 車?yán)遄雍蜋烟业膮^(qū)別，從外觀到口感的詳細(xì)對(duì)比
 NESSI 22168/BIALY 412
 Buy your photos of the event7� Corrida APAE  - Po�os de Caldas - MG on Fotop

* _Goal of the exercise_
Every line of the data is to be printed again exactly.

* _Answer box_
 車?yán)遄雍蜋烟业膮^(qū)別，從外觀到口感的詳細(xì)對(duì)比
 NESSI 22168/BIALY 412
 Buy your photos of the event7� Corrida APAE  - Po�os de Caldas - MG on Fotop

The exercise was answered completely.